• EXERCISE
Copy, word for word, the lines of the listing below from the line with "A cozy lounge" up to and including the line with "Седан Toyota Camry 2007 в Ивано-Франковске". Drop the pictures.

• ENTRIES SHOWN
****
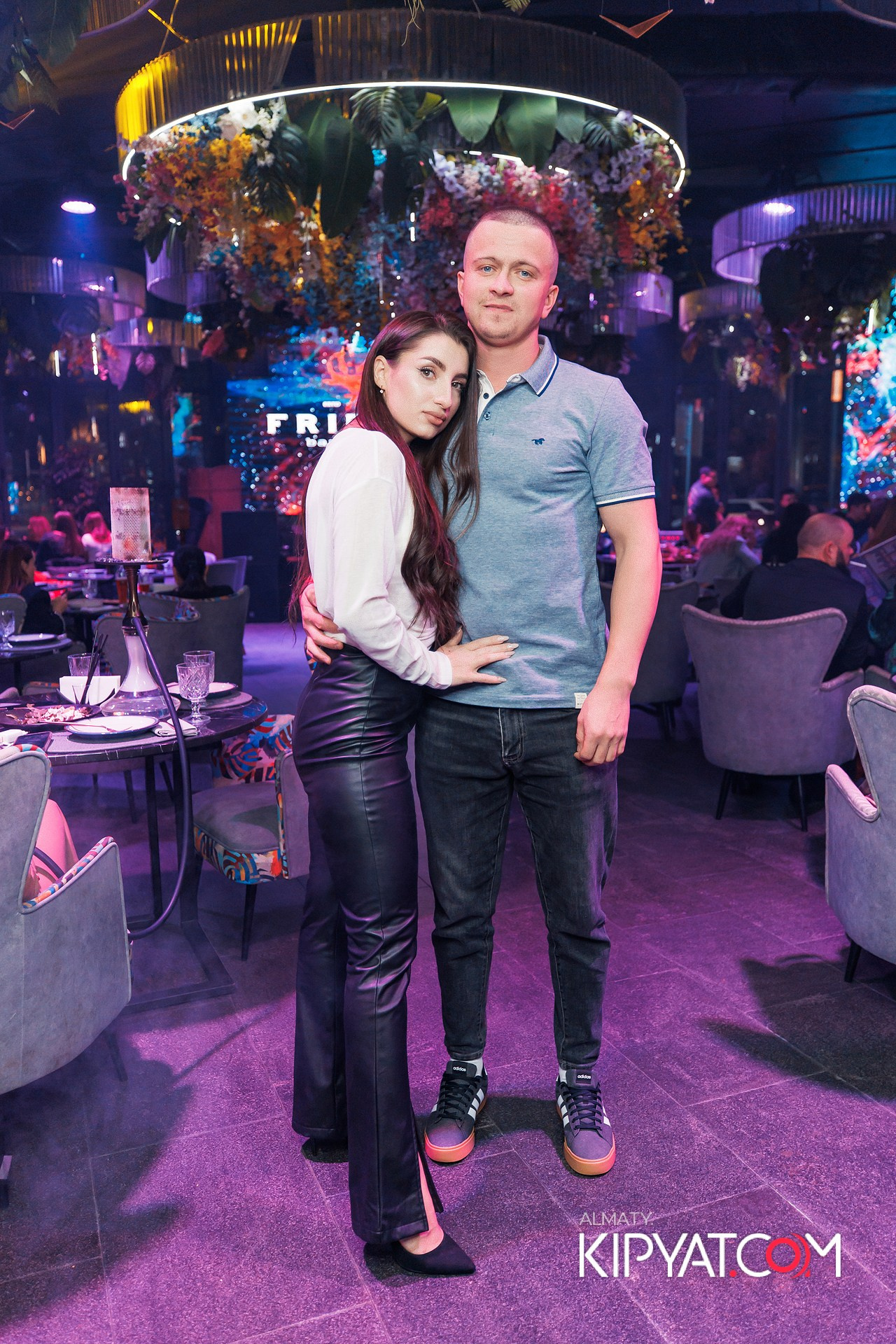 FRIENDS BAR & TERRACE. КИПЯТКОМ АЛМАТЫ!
****
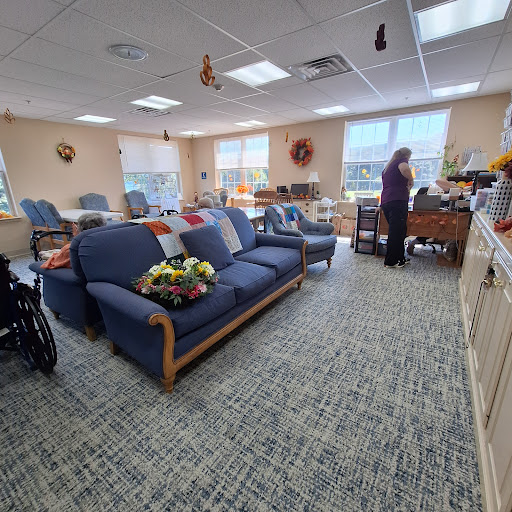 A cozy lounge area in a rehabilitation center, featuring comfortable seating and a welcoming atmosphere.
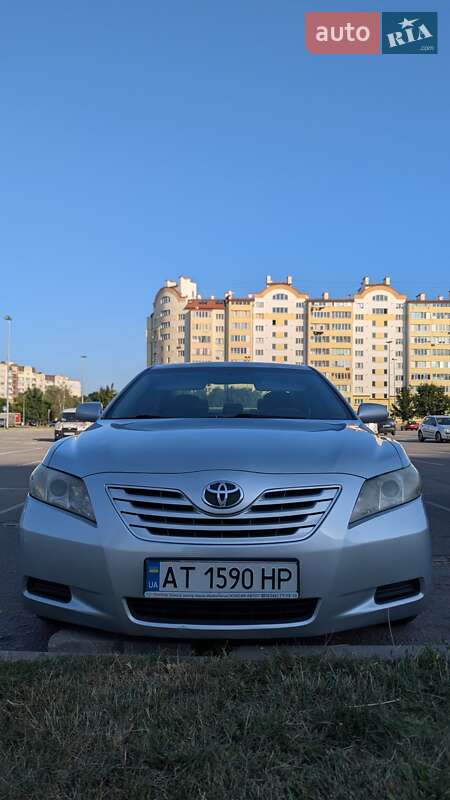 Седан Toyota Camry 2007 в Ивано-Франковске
****
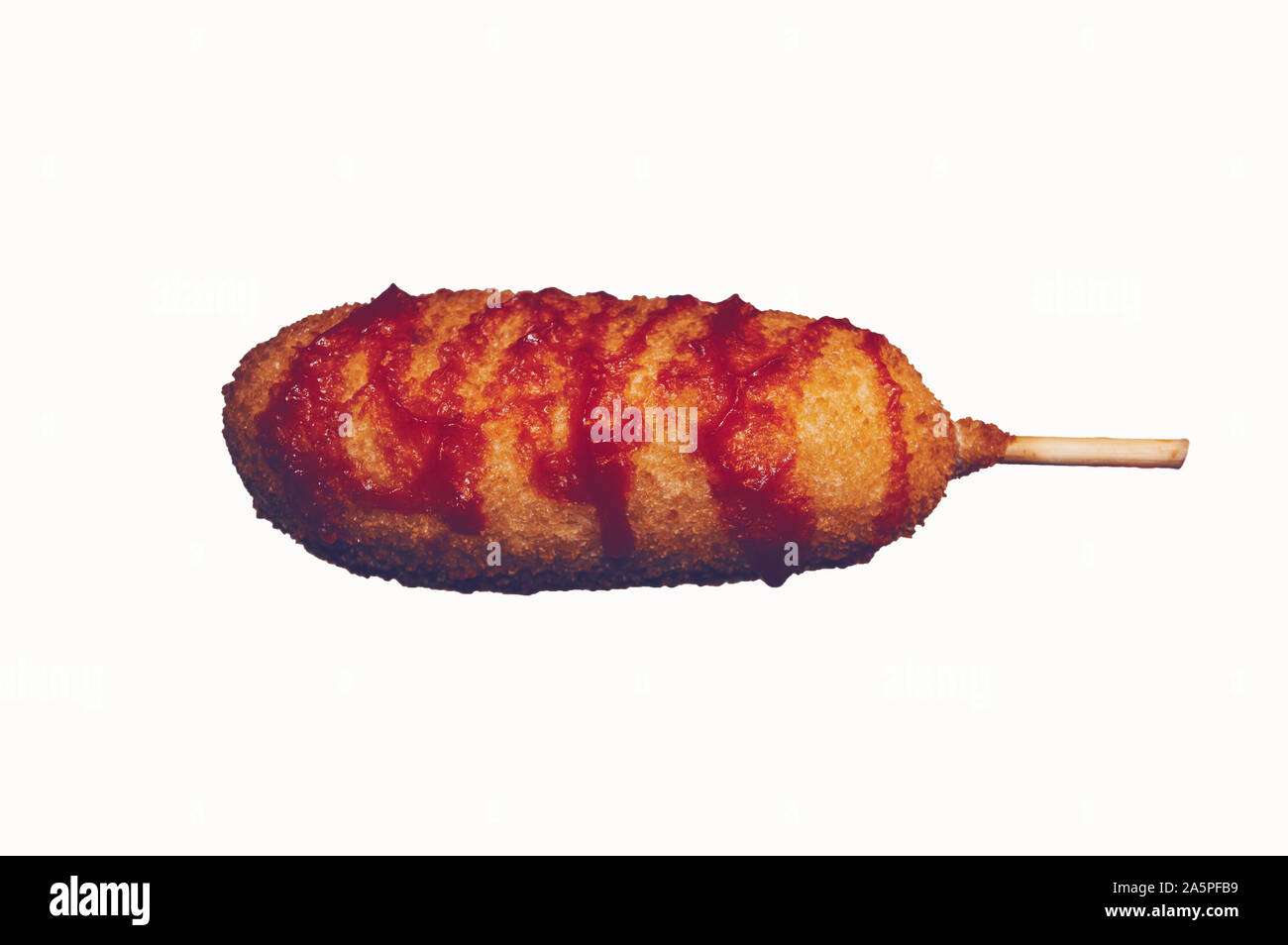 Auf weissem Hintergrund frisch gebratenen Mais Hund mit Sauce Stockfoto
****
• ANSWER FOR THE TASK
 A cozy lounge area in a rehabilitation center, featuring comfortable seating and a welcoming atmosphere.
 Седан Toyota Camry 2007 в Ивано-Франковске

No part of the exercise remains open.